Word for word, copy the lines beginning at the one with "Milan, Italy - Circa" and ending at the last line below; pictures stay out.

*Collected data:*
== Segment start ==

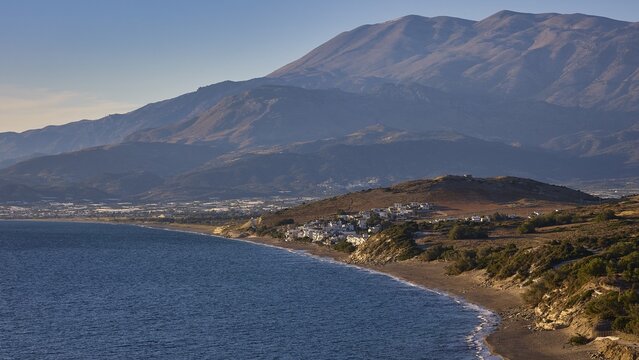 Komos Beach, coastal landscape with mountains in the background and a small settlement along the sea, Matala, south coast, Crete, Greek Islands, Greece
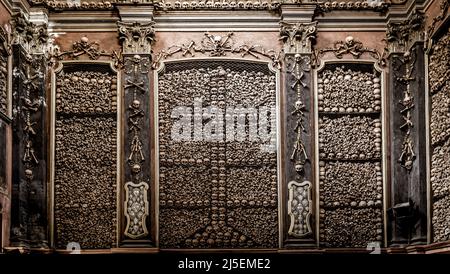 Milan, Italy - Circa August 2020. Ossuary Chapel in San Bernardino alle Ossa Church. Every architectural detail is clad in human bones. Stock Photo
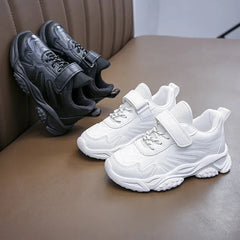 A pair of white and a pair of black children's sneakers with hook and loop closures.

== Segment end ==

*Output of the task:*
 Milan, Italy - Circa August 2020. Ossuary Chapel in San Bernardino alle Ossa Church. Every architectural detail is clad in human bones. Stock Photo
 A pair of white and a pair of black children's sneakers with hook and loop closures.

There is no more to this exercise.